» **Work order**
Omit all images, then repeat exactly the lines below from the one containing "[FLASH SALE] NEW" through the one containing "Roy Lichtenstein - Fine Art Print", both ends included.

» **Data extract**
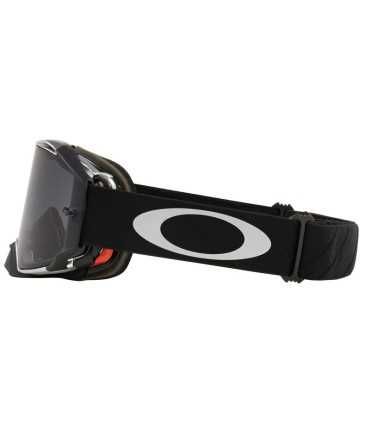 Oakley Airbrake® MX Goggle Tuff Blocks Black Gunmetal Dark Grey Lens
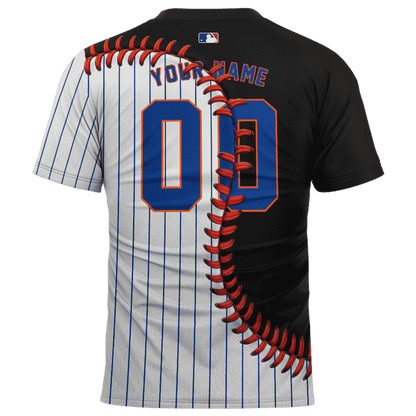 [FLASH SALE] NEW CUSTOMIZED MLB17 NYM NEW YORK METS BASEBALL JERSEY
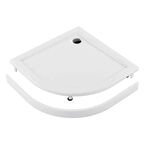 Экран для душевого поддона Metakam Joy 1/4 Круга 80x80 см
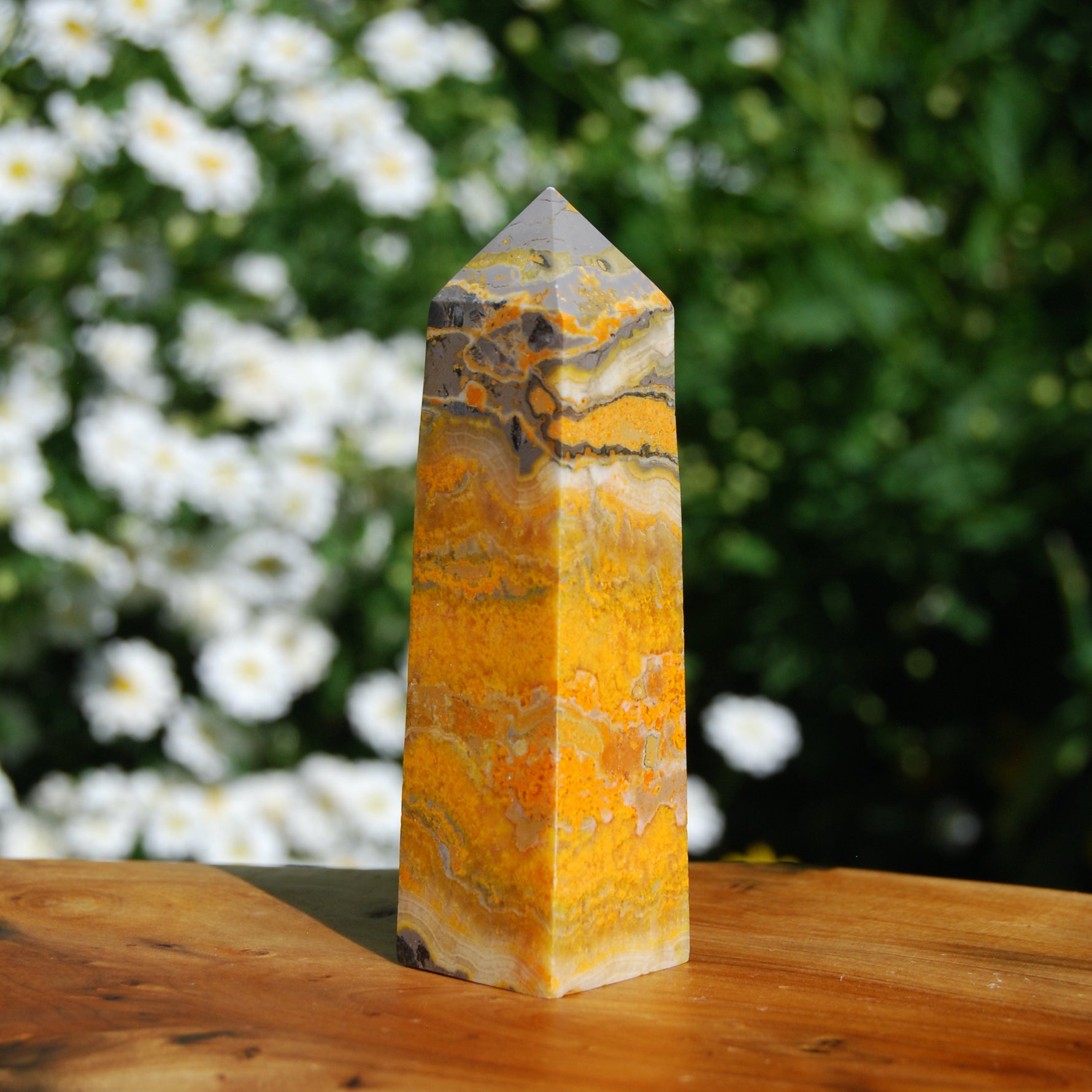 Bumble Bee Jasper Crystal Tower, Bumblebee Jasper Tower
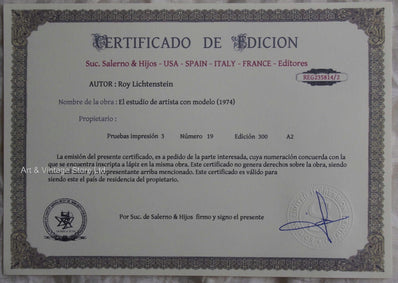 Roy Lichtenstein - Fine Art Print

* * *

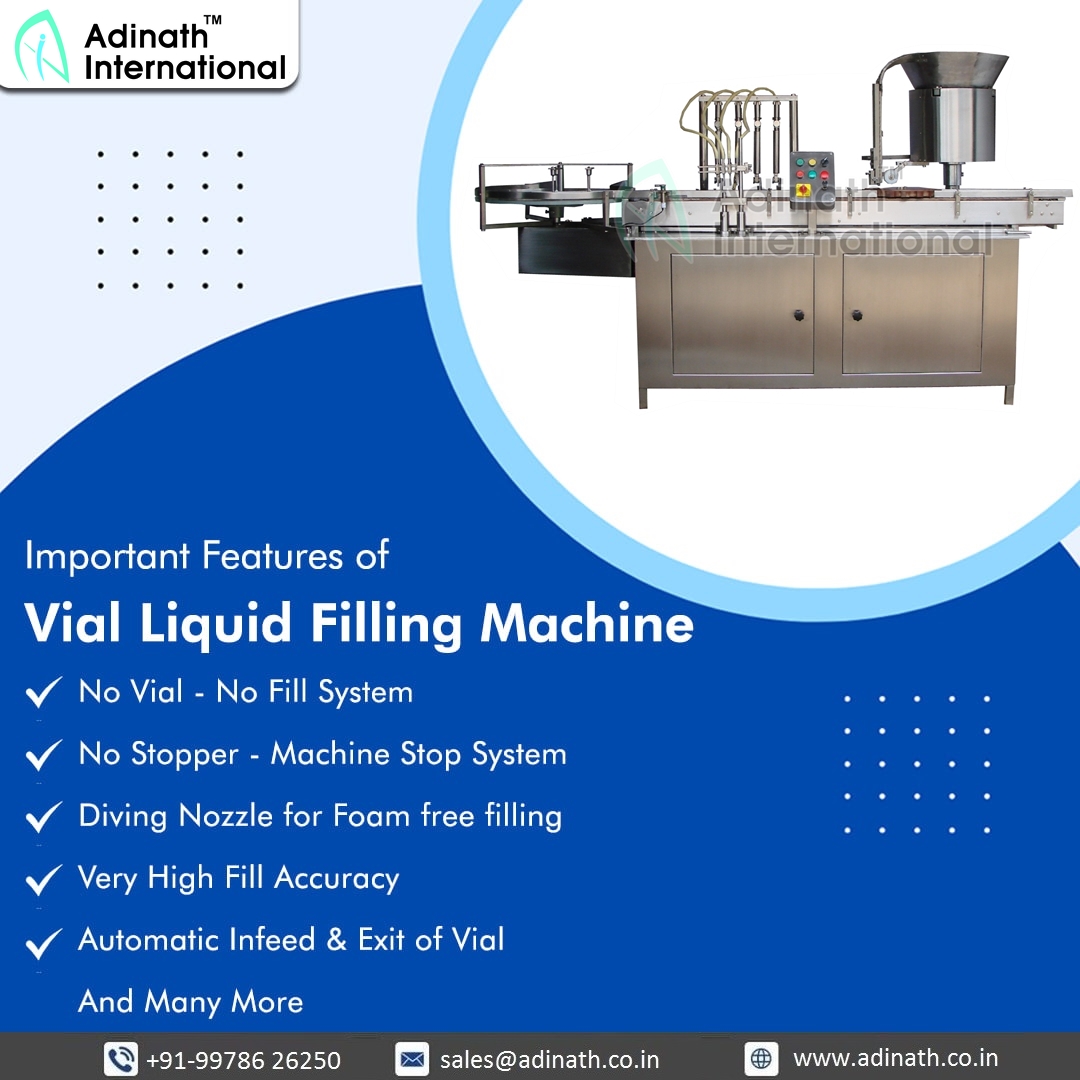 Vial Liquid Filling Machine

==

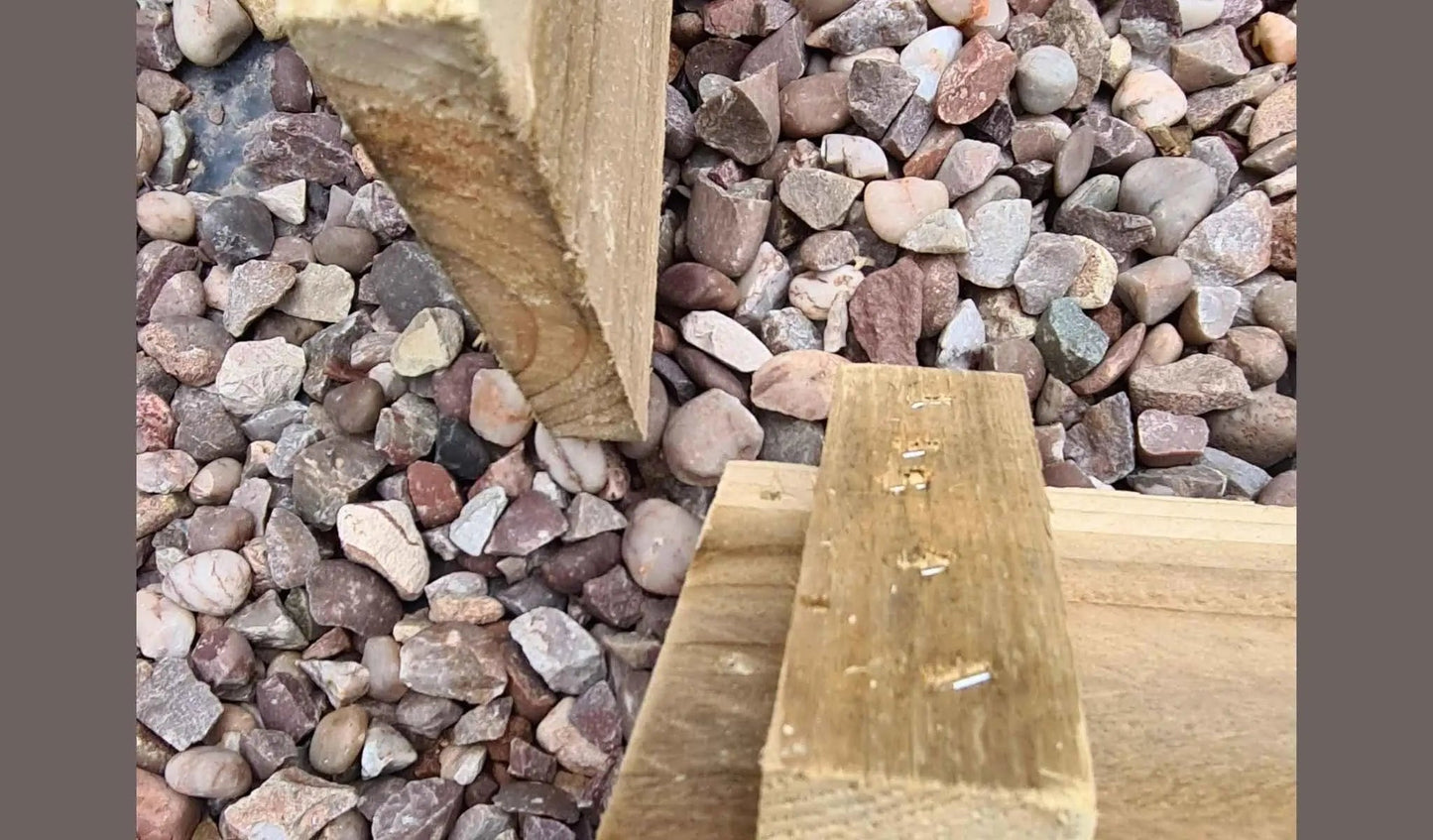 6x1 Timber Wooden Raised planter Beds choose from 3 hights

» **Problem solution**
 [FLASH SALE] NEW CUSTOMIZED MLB17 NYM NEW YORK METS BASEBALL JERSEY
 Экран для душевого поддона Metakam Joy 1/4 Круга 80x80 см
 Bumble Bee Jasper Crystal Tower, Bumblebee Jasper Tower
 Roy Lichtenstein - Fine Art Print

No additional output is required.